Il ceftriaxone è controindicato in queste situazioni:

  • Il ceftriaxone EV non deve essere co-somministrato con soluzioni EV contenenti calcio (incluse le infusioni continue contenenti calcio come la nutrizione parenterale) nei neonati 28 giorni in quanto vi è il rischio di precipitazione di ceftriaxone-sale di calcio. Sono state segnalate reazioni avverse fatali da precipitati di ceftriaxone-Ca nei polmoni e nei reni di neonati. In alcuni casi sono state utilizzate linee di infusione diverse, e le soluzioni di ceftriaxone e contenenti calcio sono state somministrate in tempi diversi. Ad oggi, non sono stati segnalati casi di precipitati intravascolari o polmonari in pazienti non neonati trattati con ceftriaxone e soluzioni EV contenenti calcio. Tuttavia, in considerazione dell'interazione teoricamente possibile tra soluzioni EV di ceftriaxone e contenenti calcio in soggetti non neonati, le soluzioni di ceftriaxone e contenenti calcio non devono essere miscelate o somministrate entro 48 h l'una dall'altra (5 volte l'emivita del ceftriaxone), anche se somministrate in linee di infusione e siti diversi, in tutti i pazienti, indipendentemente dall'età. Non sono disponibili dati sulla potenziale interazione tra ceftriaxone e prodotti orali contenenti calcio o sull'interazione tra ceftriaxone IM e prodotti contenenti calcio (EV o orali).

  • Il ceftriaxone non deve essere somministrato a neonati pretermine iperbilirubinemici in quanto in vitro il ceftriaxone può spiazzare la bilirubina dall'albumina sierica, innescando potenzialmente l'ittero nucleare.
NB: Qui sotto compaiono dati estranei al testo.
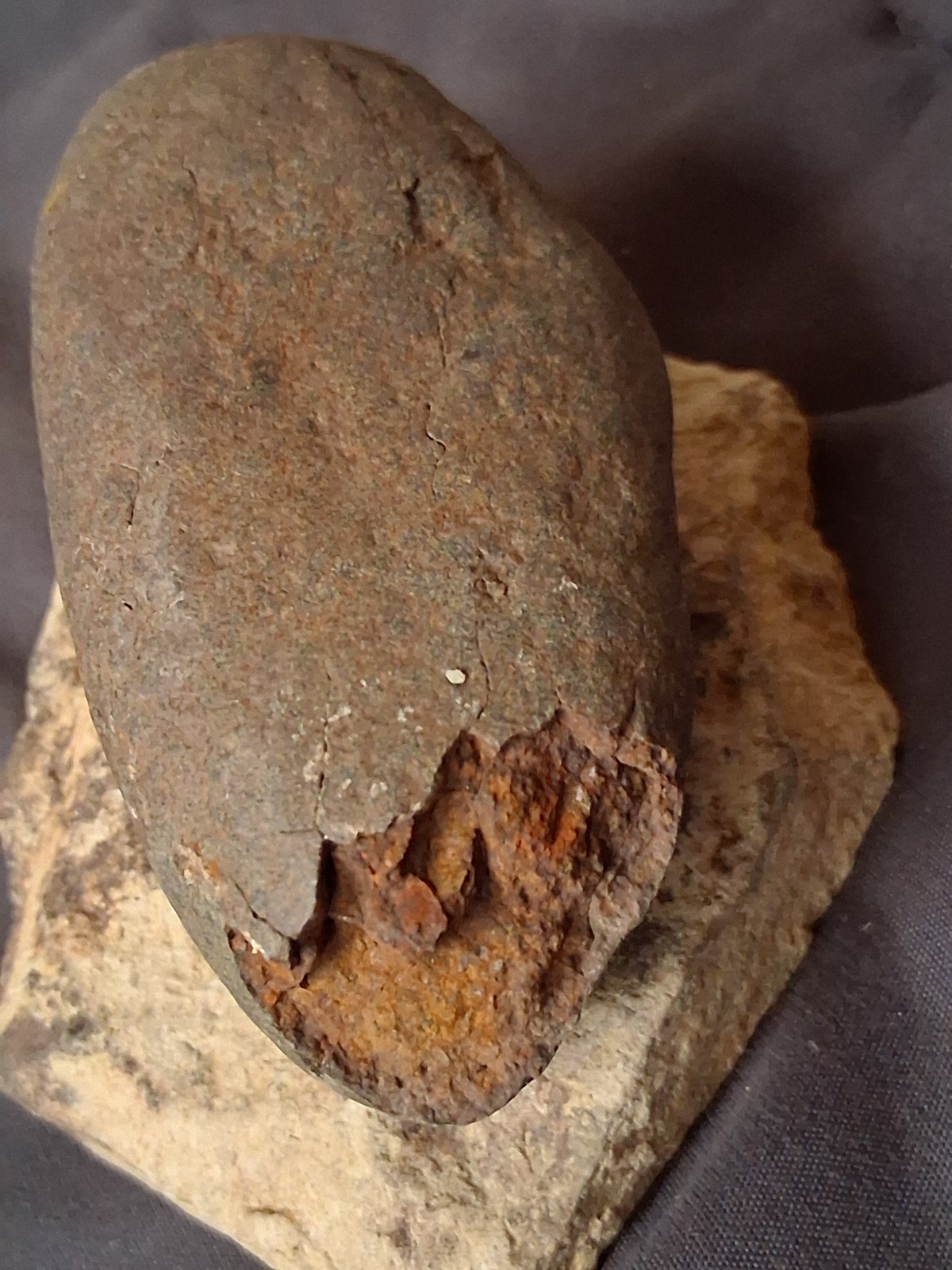 Oviraptor Raptor Dinosaur Egg Fossil Elongatoolithidea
Uso in gravidanza e allattamento

L'impiego delle cefalosporine è ampiamente considerato sicuro durante la gravidanza. Nessuno studio ha mostrato rischi per i feti umani, ma non sono stati fatti rigorosi studi prospettici.

Le cefalosporine possono entrare nel latte materno e possono alterare la flora intestinale del lattante. Pertanto, l'uso durante l'allattamento è spesso sconsigliato.

Effetti avversi

Gli effetti avversi più importanti delle cefalosporine comprendono

Le reazioni da ipersensibilità costituiscono gli effetti avversi sistemici più comuni; il rash cutaneo è comune ma l'orticaria immediata da IgE e l'anafilassi sono rare.
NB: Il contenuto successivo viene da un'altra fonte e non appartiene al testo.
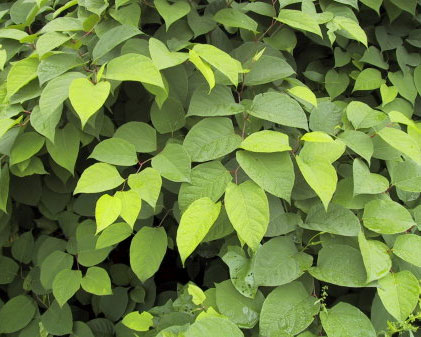 Invasive plants Invasive plants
La sensibilità crociata tra cefalosporine e penicilline è poco frequente; se necessario le cefalosporine possono essere somministrate, con una certa cautela, anche a pazienti con anamnesi positiva per episodi di ipersensibilità ritardata alle penicilline. Tuttavia, le cefalosporine non devono essere usate nei pazienti che hanno avuto una reazione anafilattica alla penicillina. Può comparire dolore nella sede di iniezione IM e tromboflebite dopo somministrazione EV.

Il cefotetan può mostrare un effetto simil-disulfiram quando viene ingerito etanolo, provocando nausea e vomito. Il cefotetan può anche aumentare i valori del tempo di protrombina/rapporto internazionale normalizzato (INR) e tempo di tromboplastina parziale, un effetto che è reversibile con la vitamina K.